Quantcast

Beep honors local heroes at State of the Boro address

By Bob Harris

After telling of all the accomplishments that took place this past year in Queens, Borough President Helen Marshall honored a number of residents and government workers who performed great achievements and improved the quality of life in the borough.

Marshall singled out a 91-year-old volunteer in her office. Arno Heller had immigrated to the United States from Germany just prior to World War II and served in the U.S. Army during the war in North Africa, Sicily and Normandy.

For his combat service, he had received the French Legion Medal of Honor, then recently learned that he was also entitled to the Bronze Star. When Marshall heard of this award, she decided to present him with her own declaration of honor at the State of the Borough address.

Two sanitation workers, Joseph Maneggio and Semi Knozi, were honored for saving a family from a fire in the Rockaways. They called 911, then caught the mother and her five children when they had to jump 30 feet from the roof of their burning house.

On hand was Mr. Met, who gave each fireman a baseball glove to honor their catch plus tickets for them and their families to a New York Mets game. City Sanitation Commissioner John Doherty presented them with medals.

Given plaques were Rescue 4 firefighter Ronald Daly, who pulled an unconscious elderly man and his dog out of a Woodside house which was on fire after prying off window bars.

Detectives Richard Johnson and Charles LoPresti were honored for capturing the suspect in four fire bombings, which took place in December, by following a hunch and conducted a long surveillance past their normal tour.

Marshall also paid homage to the volunteer community board members. Specifically mentioned were civic leader Patricia Dolan from CB 8 and Richard Italiano, district manager of CB 4, both of whom recently died.

Several borough cultural facilities were discussed. Attracting visitors every year are the New York Hall of Science in Flushing Meadows Corona Park, the Museum of the Moving Image, Flushing Town Hall, Queens Theater, the Queens Botanical Garden, the Queens Zoo, the Jamaica Performing Arts Center, the Louis Armstrong House and the Queens Museum of Art.

Various Queens historic sites are worth a visit. The Queens County Farm Museum in Glen Oaks is the oldest working farm in New York; preservation of the oldest synagogue in Queens, Congregation Tifereth Israel of Corona, is underway; the Poppenhusen Institute of College Point, where the first free kindergarten in the United States began in 1870, is interesting; Rufus King Manor Museum of Jamaica is in a pleasant park; the Latimer House in Flushing celebrates Lewis Latimer, who was the son of fugitive slaves and who worked with Thomas Edison to develop electricity; the Bowne House in Flushing; where in 1657 John Bowne wrote the Flushing Remonstrance, which proclaimed the right of religious freedom.

GOOD AND BAD NEWS OF THE WEEK: For some time now, people have been saying that President Barack Obama did not sign enough laws to turn the economy around.
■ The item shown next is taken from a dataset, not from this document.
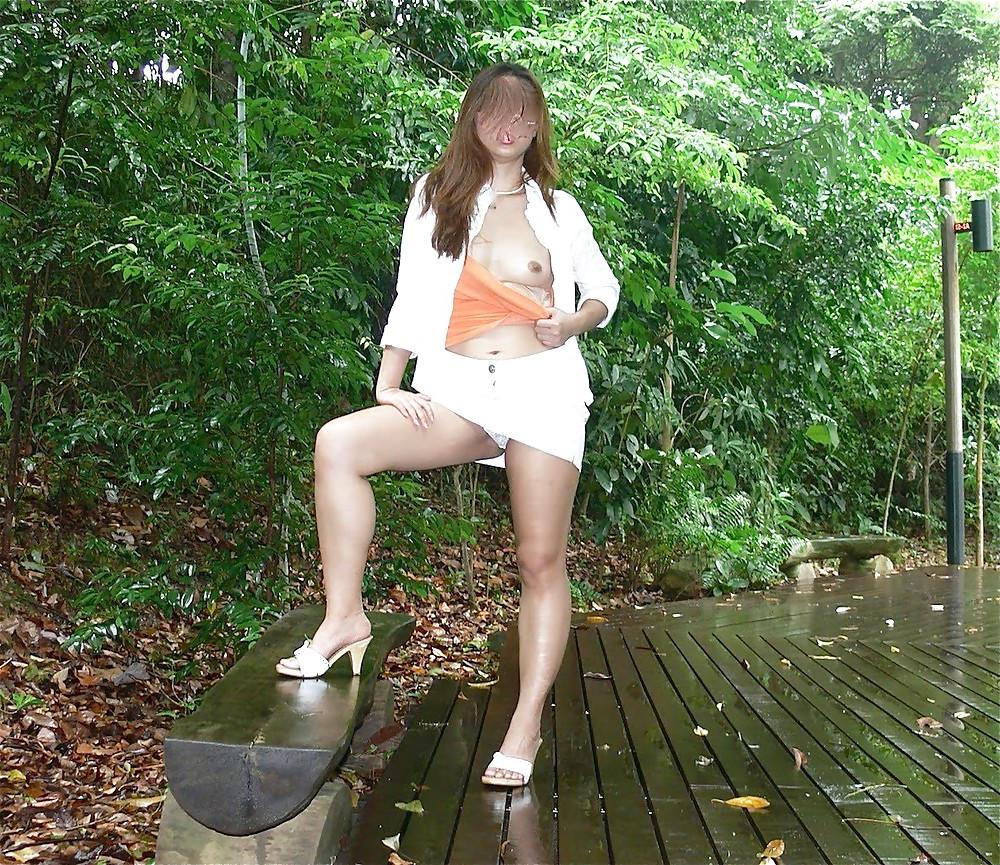 25P Singapore Bitch Exhibitionist!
The argument is that his party had a majority in the U.S. House of Representatives and U.S. Senate during his first two years in office and he should have had laws he wanted passed.

But people do not realize that the laws he did get passed were because he persuaded a few opposition party members in the Senate to vote for them.
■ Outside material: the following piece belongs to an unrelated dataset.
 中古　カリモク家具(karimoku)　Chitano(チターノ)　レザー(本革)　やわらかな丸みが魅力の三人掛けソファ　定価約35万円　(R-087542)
Most laws Obama wanted were not passed during his first two years in office because his party did not have 60 votes in the Senate. This body is designed to protect the rights of the minority by stopping unwanted laws because there is unlimited debate.

To stop a debate requires a quorum of 60 votes. This means a really large majority of the Senate must really want a bill to become a law for it to happen. It also means a small minority can prevent a distasteful bill from becoming law.